- Data in this exercise
--- START ---
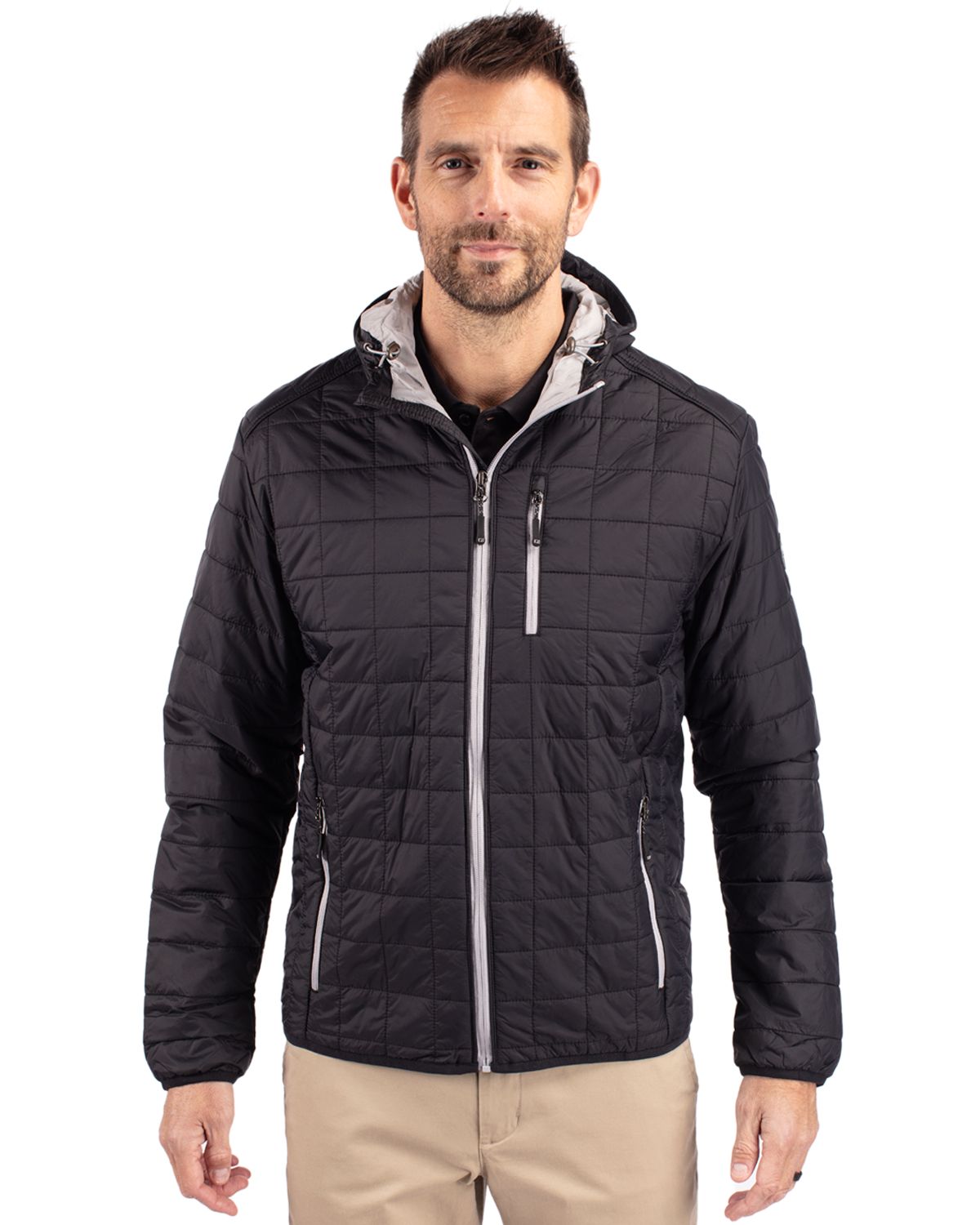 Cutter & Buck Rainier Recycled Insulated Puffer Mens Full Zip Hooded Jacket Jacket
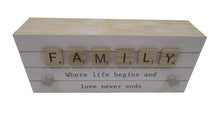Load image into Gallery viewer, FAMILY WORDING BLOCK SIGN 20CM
--- END ---
--- START ---
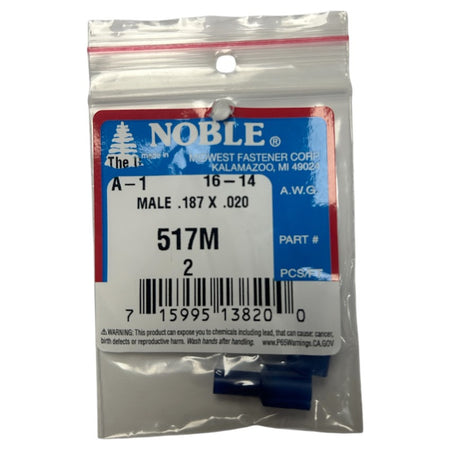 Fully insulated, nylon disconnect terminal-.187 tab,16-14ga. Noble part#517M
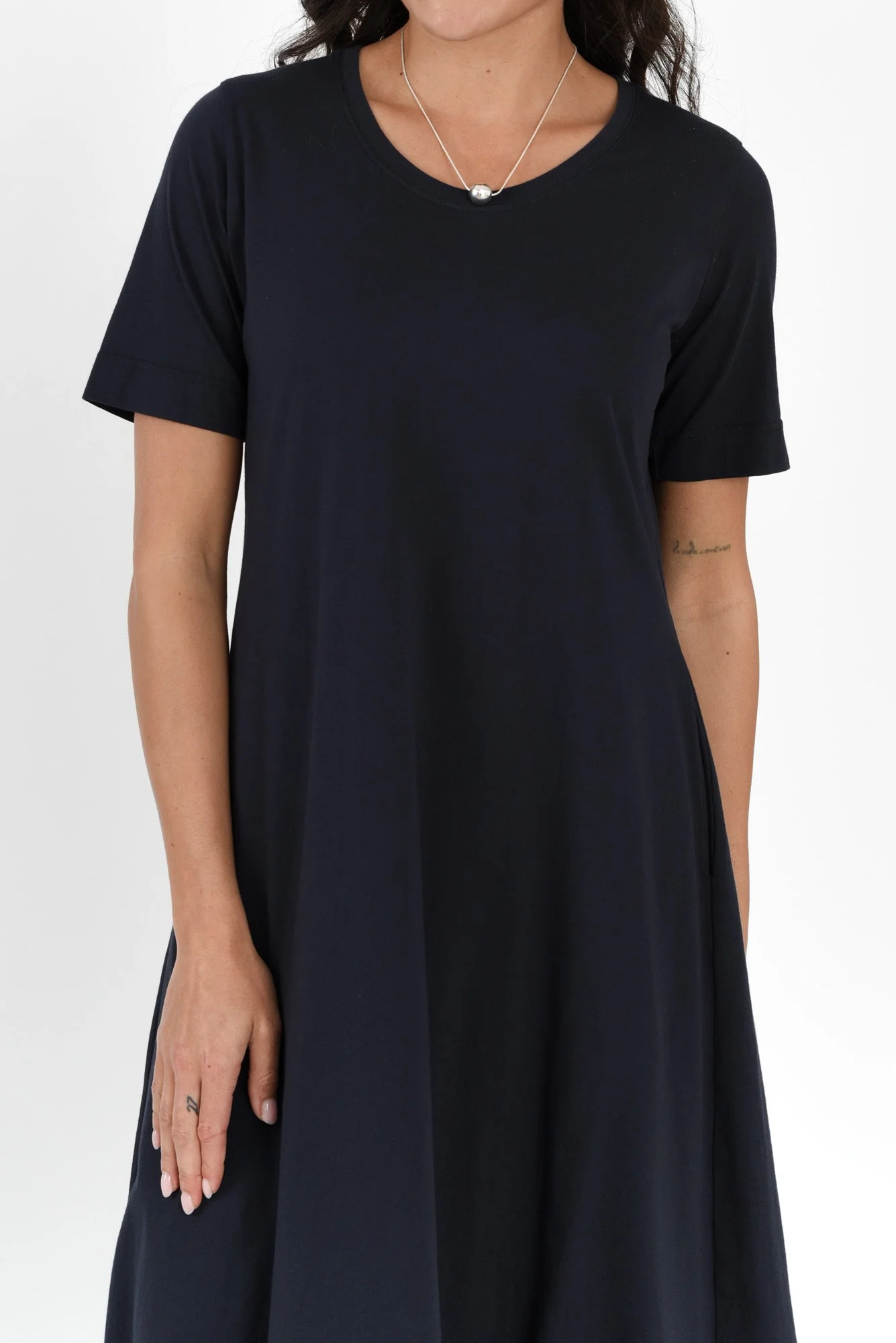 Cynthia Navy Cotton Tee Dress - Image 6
--- END ---
- Problem
In the listing above, find the line with "Cutter & Buck" and the line with "Load image into". Transcribe those two and everything between, exactly, leaving out pictures.

- Exercise result
 Cutter & Buck Rainier Recycled Insulated Puffer Mens Full Zip Hooded Jacket Jacket
Load image into Gallery viewer, FAMILY WORDING BLOCK SIGN 20CM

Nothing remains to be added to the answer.